##### DATA SHOWN #####

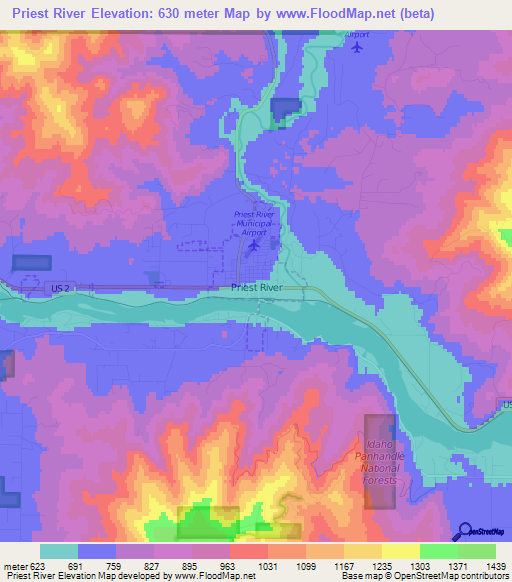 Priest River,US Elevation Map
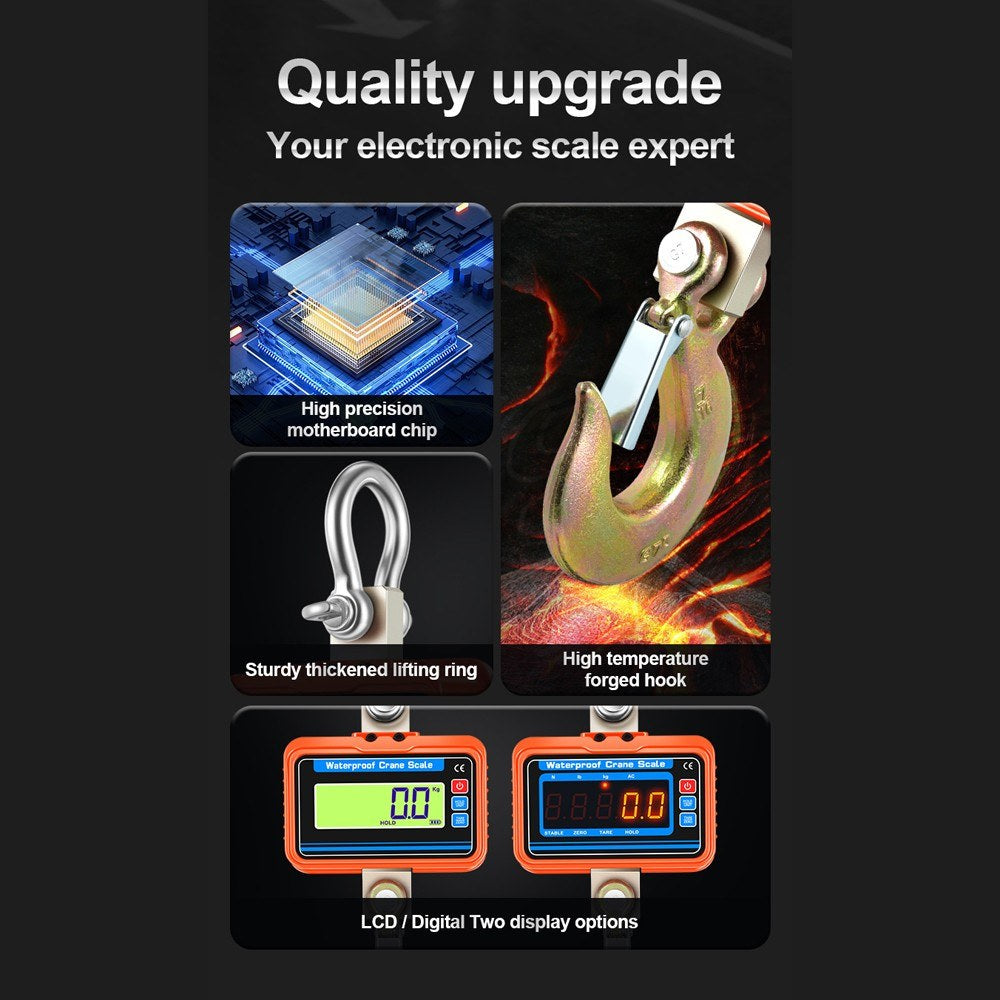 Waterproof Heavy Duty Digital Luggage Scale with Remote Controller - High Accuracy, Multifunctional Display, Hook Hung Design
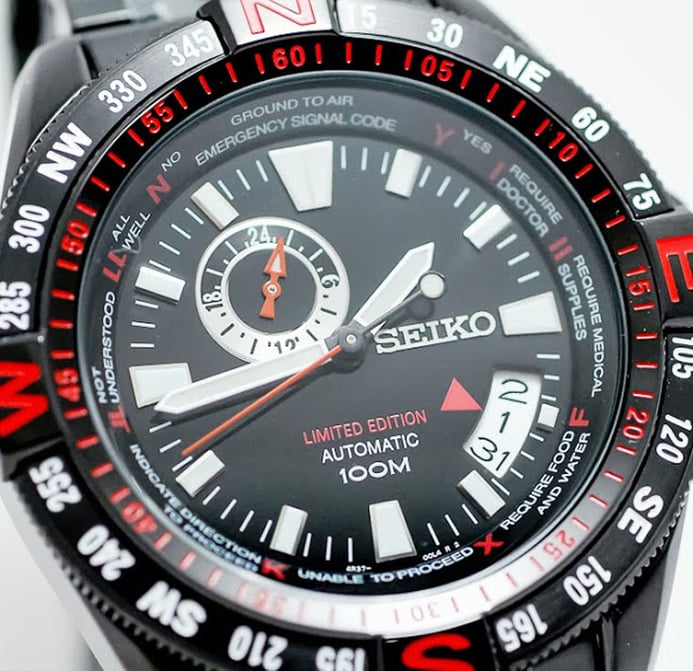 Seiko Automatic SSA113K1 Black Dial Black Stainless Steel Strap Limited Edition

#####
##### DATA SHOWN #####

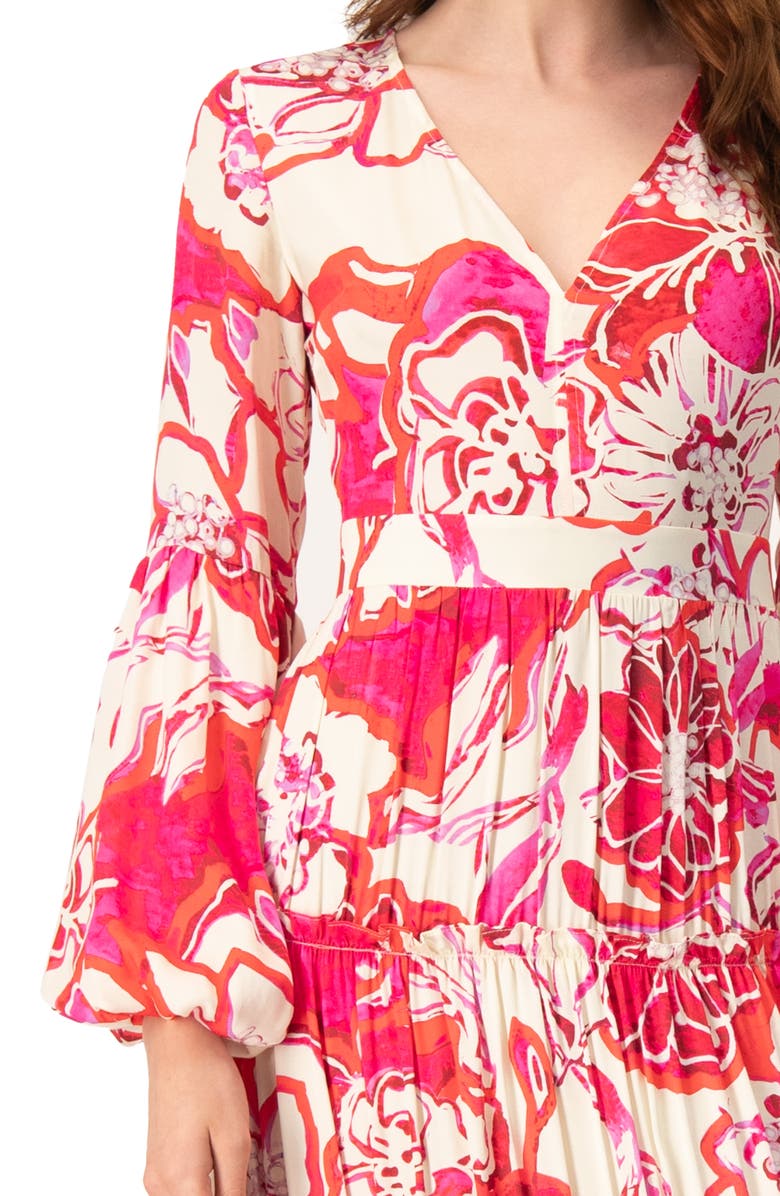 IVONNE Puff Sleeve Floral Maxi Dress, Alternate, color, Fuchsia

#####

* **TASK PROMPT**:
From the entries above, copy exactly the lines starting at the one with "Priest River,US Elevation Map" and stopping at the one with "Seiko Automatic SSA113K1", keeping both ends. Drop the pictures.

* **RESPONSE AREA**:
 Priest River,US Elevation Map
 Waterproof Heavy Duty Digital Luggage Scale with Remote Controller - High Accuracy, Multifunctional Display, Hook Hung Design
 Seiko Automatic SSA113K1 Black Dial Black Stainless Steel Strap Limited Edition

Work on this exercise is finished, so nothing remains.